Gillespie syndrome is a rare genetic disorder characterized by the combination of bilateral aniridia (absence of the iris) and cerebellar ataxia (lack of muscle coordination). The ICD10 code for Gillespie syndrome is Q13.1. Unfortunately, there is no specific ICD9 code for Gillespie syndrome as it was replaced by ICD10. It is important to consult with a healthcare professional for accurate diagnosis and coding information.
Gillespie syndrome, also known as aniridia-mental retardation syndrome (AMR), is a rare genetic disorder characterized by the absence or partial absence of the iris in the eyes, intellectual disability, and various other developmental abnormalities. Although I am not a healthcare professional, I can provide some general information regarding the coding system used to classify medical conditions.
The International Classification of Diseases, 10th Revision (ICD-10) is the current system used worldwide for coding diagnoses. Unfortunately, since Gillespie syndrome is an extremely rare condition, it does not have a specific ICD-10 code dedicated to it. The ICD-10 coding system assigns unique alphanumeric codes to various medical conditions, however, certain rare disorders may not have a specific code due to their low prevalence.

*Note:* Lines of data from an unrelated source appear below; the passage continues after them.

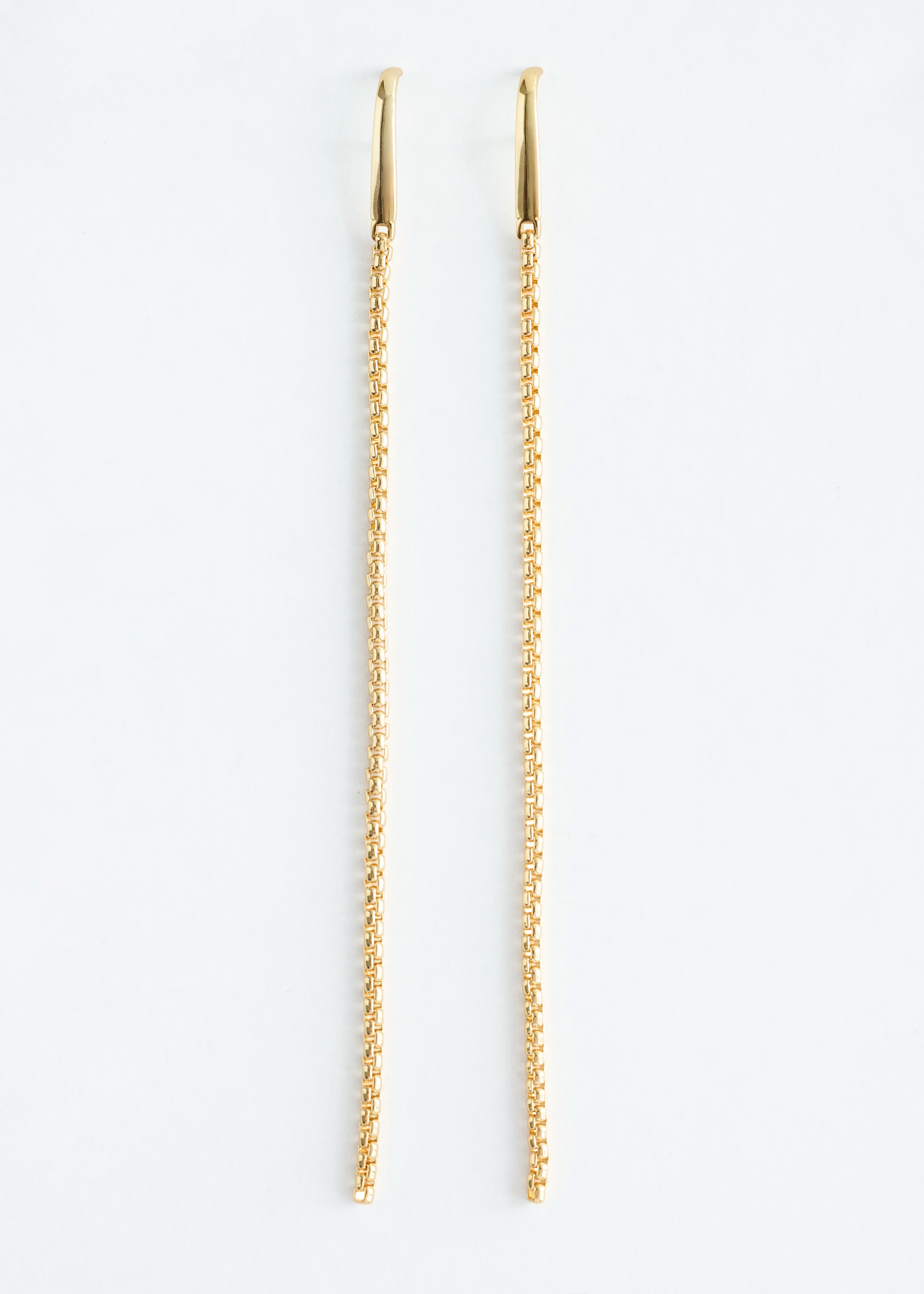 Ohrringe mit langem Kettendesign - Gold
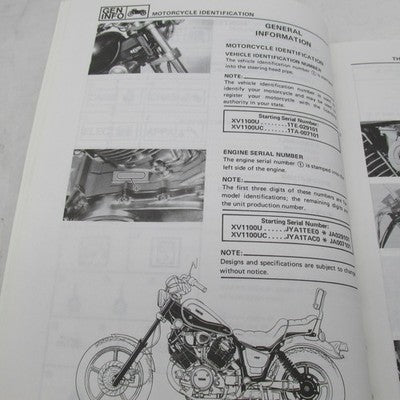 Yamaha OEM 85 XV700/XV750/XV1000/XV1100 L Service Manual Virago LIT-11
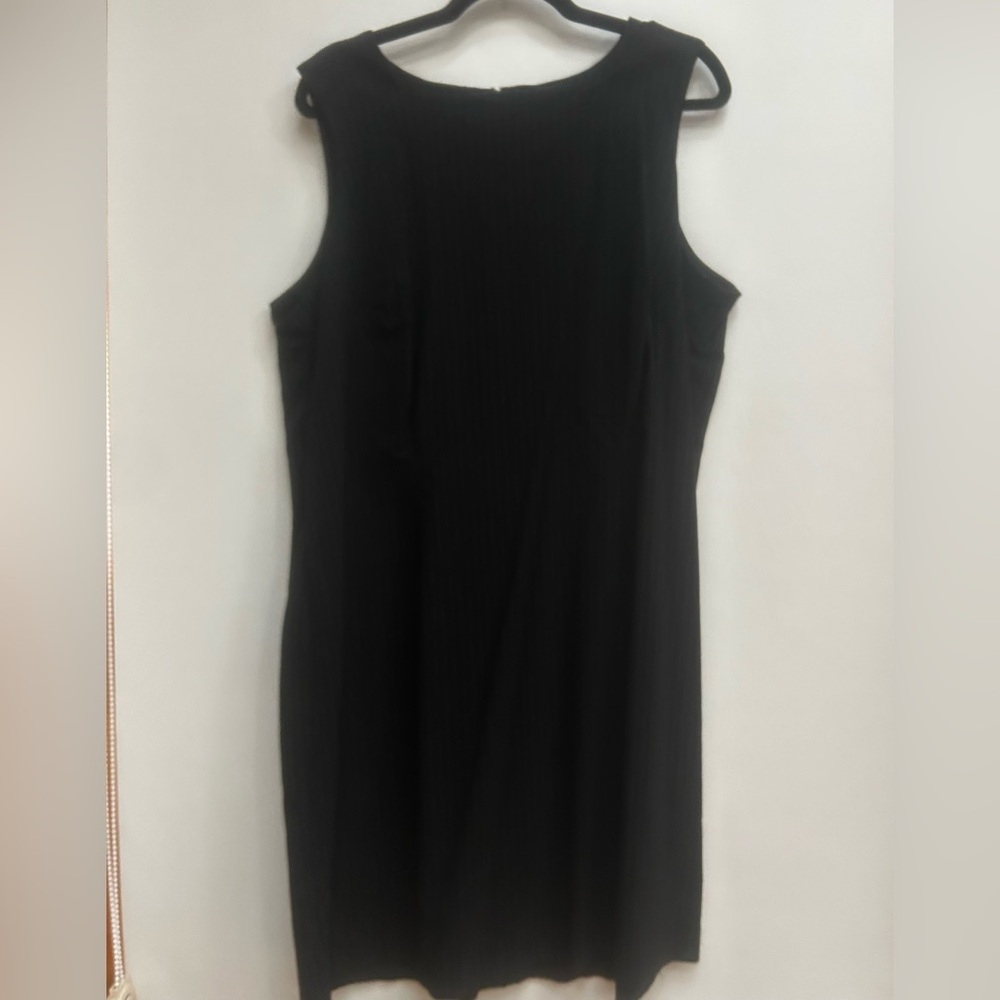 EUC Lane Bryant Venezia Black and White Pinstripe Dress Stretchy Plus Size 20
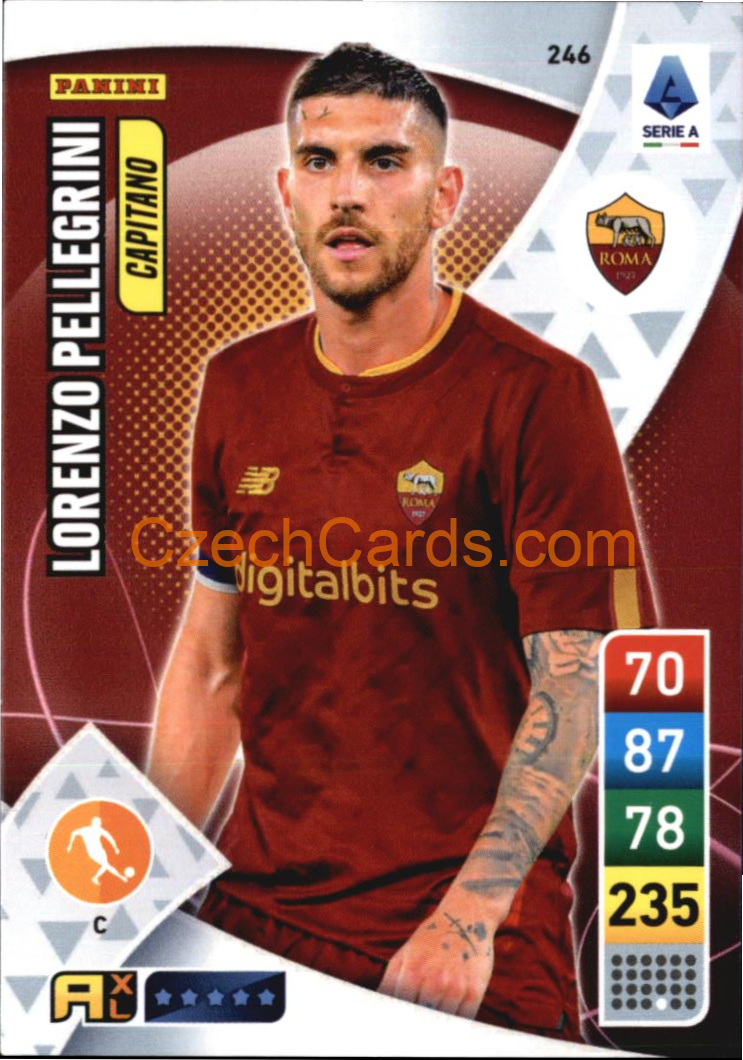Lorenzo Pellegrini 2022/23 Panini Calciatori Adrenalyn XL #246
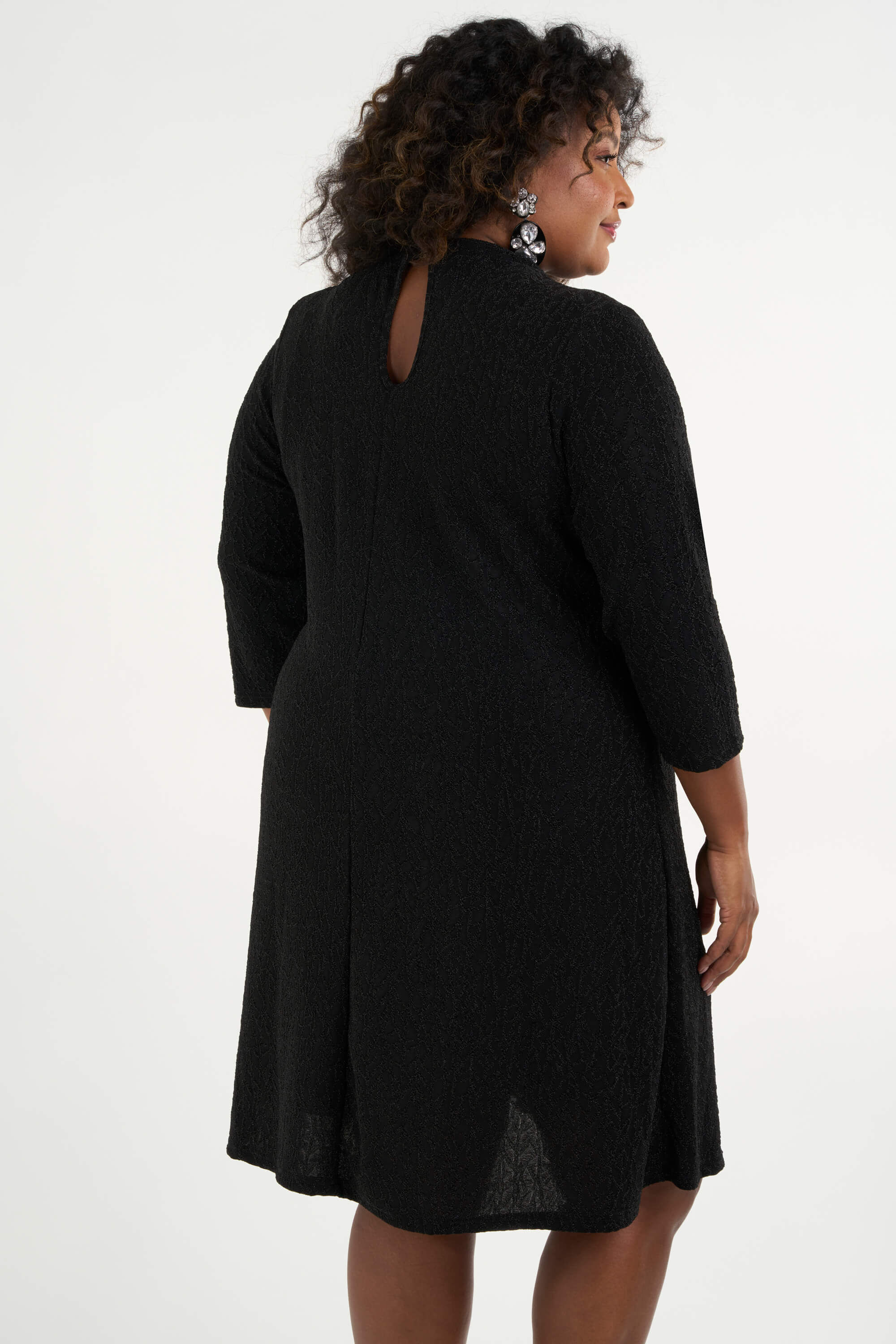 Glitter jurk  image number 4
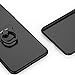 iPhone 7 Plus case,Niubity Bear Ring Series PC bumper case 360 Degree Rotation bracket for Apple iPhone 7 Plus 2016 (Black)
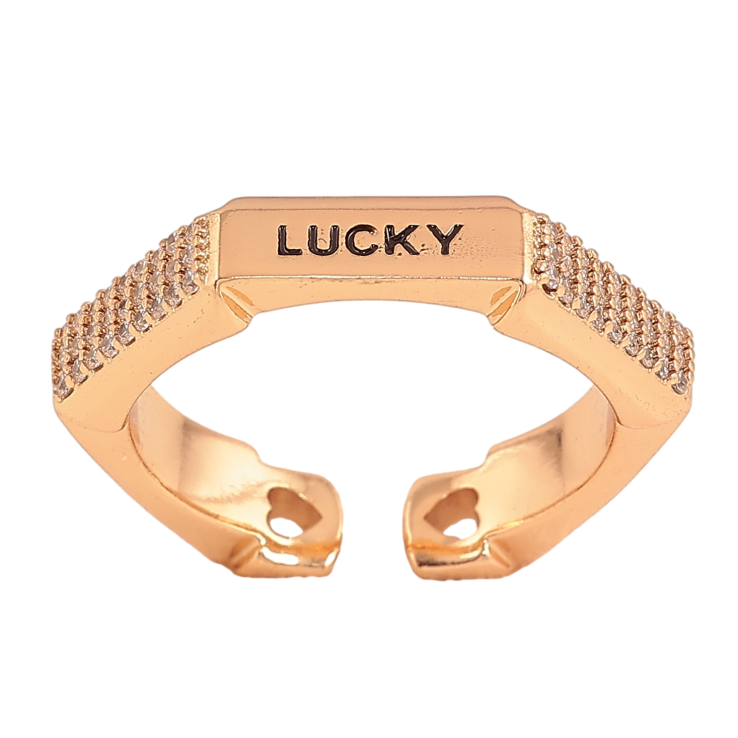 Кольцо Xuping цвет Позолота 18K "Lucky" фото №23 Кольцо Xuping цвет Позолота 18K "Lucky" фото №23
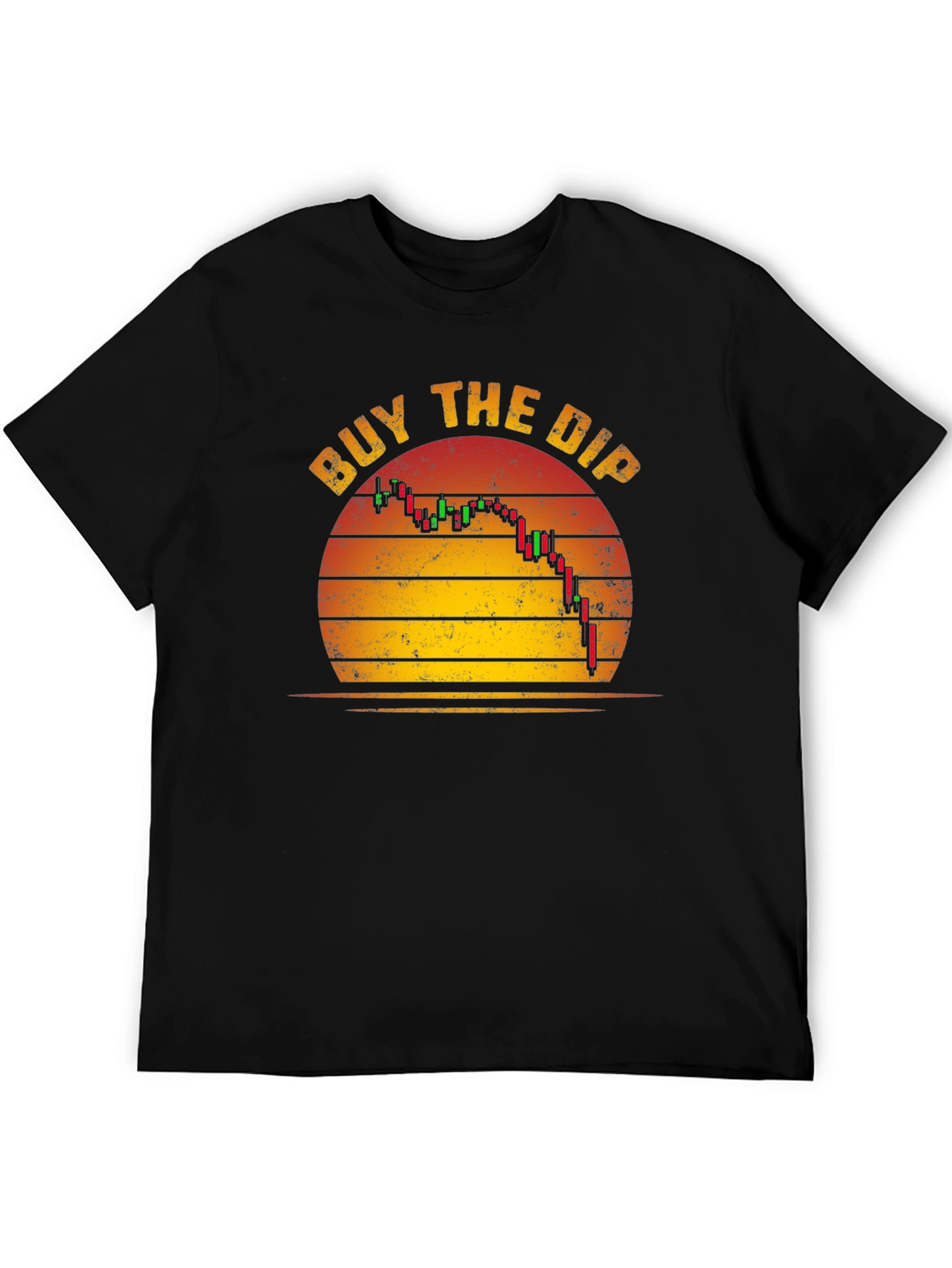 Black Buy the Dip Crypto T-Shirt view 5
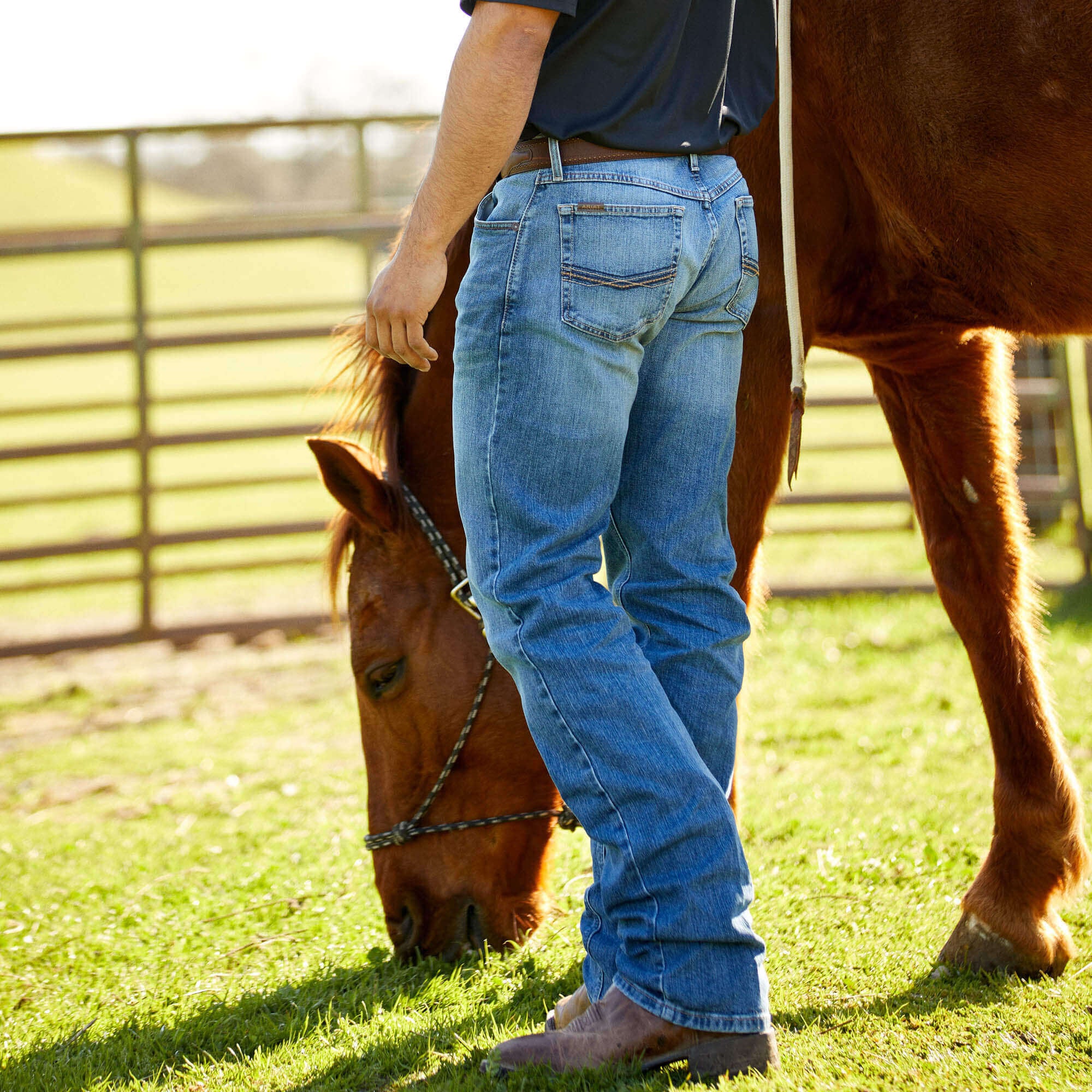 Ariat M2 Relaxed Stretch Legacy Boot Cut Jean Discount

In terms of the older coding system, the ICD-9, which was used prior to the implementation of ICD-10, there was also no unique code for Gillespie syndrome. However, it is worth noting that ICD-9 may have codes for some of the individual symptoms or manifestations associated with Gillespie syndrome, such as intellectual disability (ICD-9 code 317-319) or aniridia (ICD-9 code 743.46).
It is important to consult with a qualified healthcare professional or medical coder to obtain the most accurate and up-to-date information regarding the coding of Gillespie syndrome. They will be able to provide specific guidance on how to document and code this condition effectively for medical records and billing purposes.